-- Input records follows --

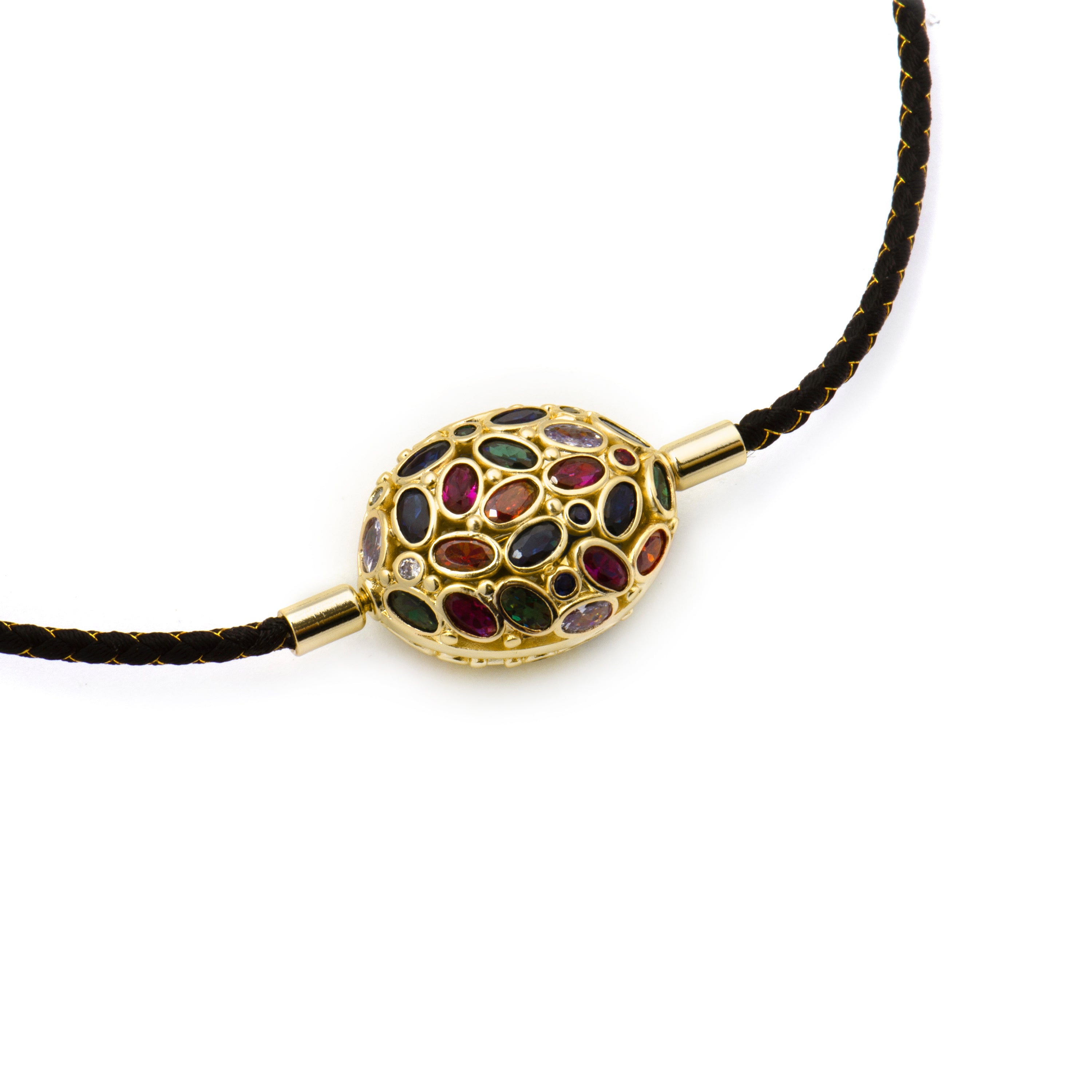 Halskette aus 925 Sterlingsilber und mehrfarbigem Zirkonia mit 18k Gelbgold-Finish - Milkio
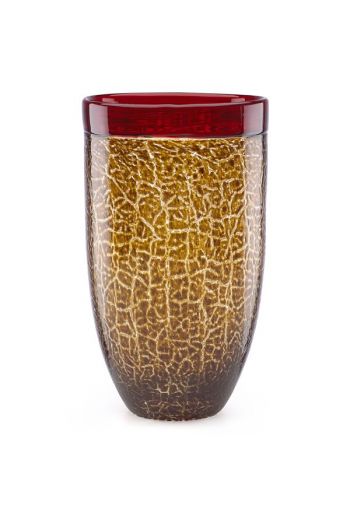 Lenox Red Weathered Art Glass Vase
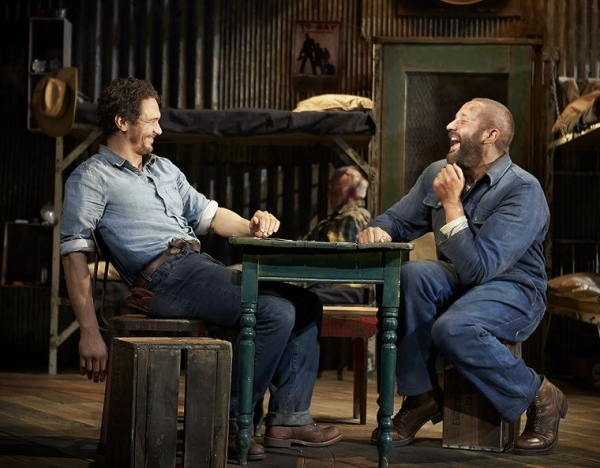 James Franco as George and Chris O&#39;Dowd as Lennie in John Steinbeck&#39;s Of Mice and Men, directed by Anna D. Shapiro, at the Longacre Theatre.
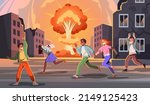 Afraid people running away. City destroyed war, streets explosions, scared residents fleeing in panic, broken buildings, scared couple, scream characters, vector cartoon flat isolated concept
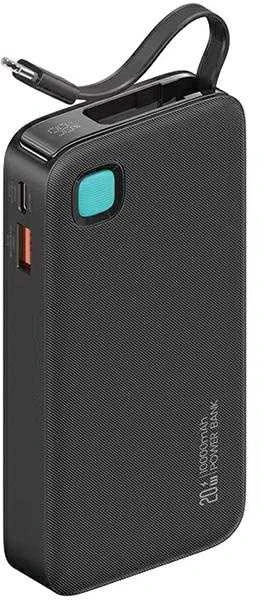 USAMS nešiojama baterija su ištraukiamu USB-C laidu, 10000 mAh PD 20W greito įkrovimo XY serijos juodos spalvos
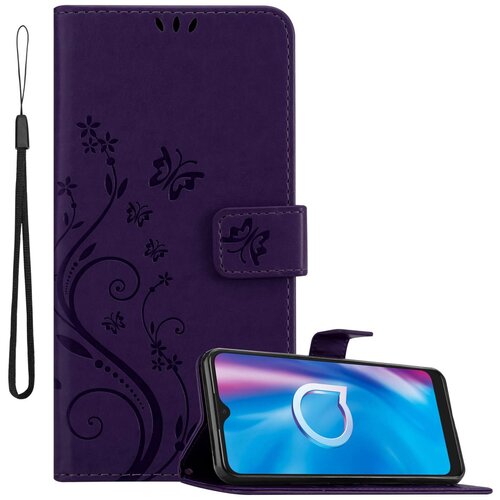 Cadorabo Alcatel 1S 2020 in klasična temno modra - ovitek v cvetličnem dizajnu z magnetnim zapiranjem, stoječo funkcijo in režami za kartice, (20860477) Cene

-- Input records concluded --

■ Your objective:
Omit every picture, then write out the entries above exactly.

■ Result:
 Halskette aus 925 Sterlingsilber und mehrfarbigem Zirkonia mit 18k Gelbgold-Finish - Milkio
 Lenox Red Weathered Art Glass Vase
 James Franco as George and Chris O&#39;Dowd as Lennie in John Steinbeck&#39;s Of Mice and Men, directed by Anna D. Shapiro, at the Longacre Theatre.
 Afraid people running away. City destroyed war, streets explosions, scared residents fleeing in panic, broken buildings, scared couple, scream characters, vector cartoon flat isolated concept
 USAMS nešiojama baterija su ištraukiamu USB-C laidu, 10000 mAh PD 20W greito įkrovimo XY serijos juodos spalvos
 Cadorabo Alcatel 1S 2020 in klasična temno modra - ovitek v cvetličnem dizajnu z magnetnim zapiranjem, stoječo funkcijo in režami za kartice, (20860477) Cene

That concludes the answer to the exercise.